Let’s start with what it takes to procure a new prospect conversation. The effort you make constructing an effective email that you hope will elicit a positive response; the risk you face making the follow-up phone call when your email garners no response; the constant internal and external pressure you swallow to persuade someone to accept your invitation to meet. Week after week, year after year. It’s understandable why you might be so attached to a positive and productive outcome.

  1. If the initial prospecting effort turns into a meeting, there’s payoff and gratification.‌‌‌
  2. If the meeting turns into something more, you spend less time subjecting yourself to the arduous process of returning to the drawing board and repeating the outreach process.
  3. Financial rewards abound if you engage the prospect in your sales process and convince them to want to do business with you.

What do you listen for when meeting with a prospect? Given the emotional impact of the three points above, you listen for anything that signals a path toward “next steps” – an outcome.

For most, generating next steps is how you judge your performance in the meeting and the value of your time. You’ve also learned that it’s a required part of the process if you are headed toward a sale.

Two Reasons Why Focusing on the Outcome is a Bad Idea

  1. It directly filters what you want to hear vs. what you need to hear. You will listen innately only on the words, phrases, and commentary that will help you achieve your next steps, and miss learning about the prospect’s needs.
  2. You will only ask questions that direct the conversation, discovery, and evaluation toward your desired next steps. Your listening is finely tuned toward the ultimate path of achieving an outcome.

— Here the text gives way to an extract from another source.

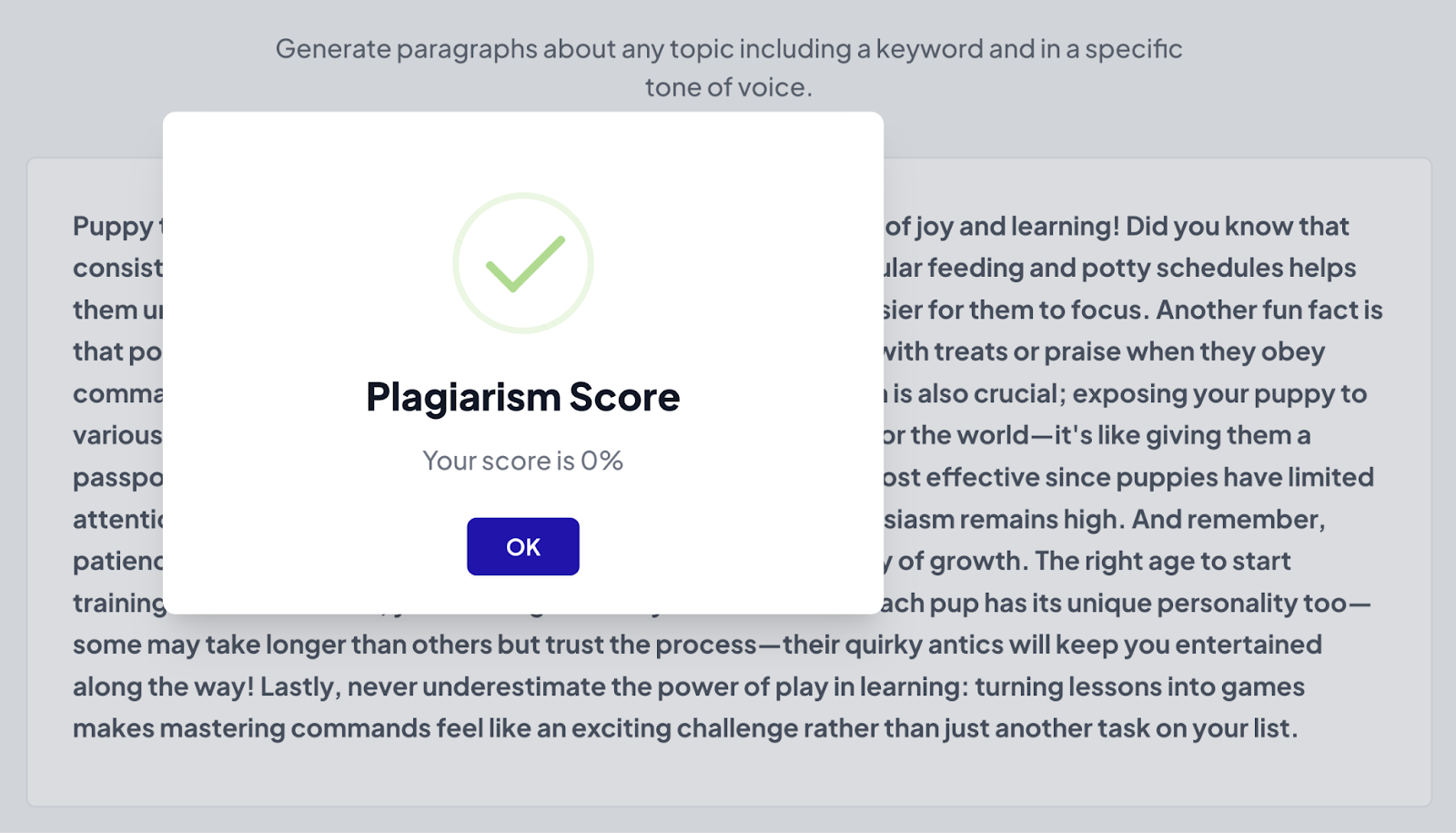 The plagiarism score for our text example is 0%.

Spending time on the things you want to hear (because they help you achieve your next steps) is not what helps your prospect debate and decide on change. If it were, you’d have a closing ratio far greater than what you experience today. What percentage of prospects that agree to a second meeting – or hand over their data for review – become clients?

The sum of your outcomes – procuring data to analyze, gaining a second meeting and an invitation to present – don’t always add up to making the sale. Fact is, what you don’t take the time to hear and understand always comes back to bite you in the ass. So, free up your listening to better identify and understand the barriers…before it’s too late.

Differentiating Yourself is Critical

Finally, because you compete every day for the prospect’s time and trust, differentiating is critical. Think how your competition approaches the prospect meeting. Which platforms, promotions, processes, and promises will they extend? Everyone searches for that next great hook or technological nuance, every competitor cancels the investment and effort of the other as if it were a military arms race. These are the actions that dominate the arena – and yet the real differentiator is right there in front of everyone, and it’s free.

If you want to sound and feel different to your prospects, start doing what a majority of your competition will not do. Compartmentalize the pursuit of an outcome (temporarily) and listen to what your prospect is really saying.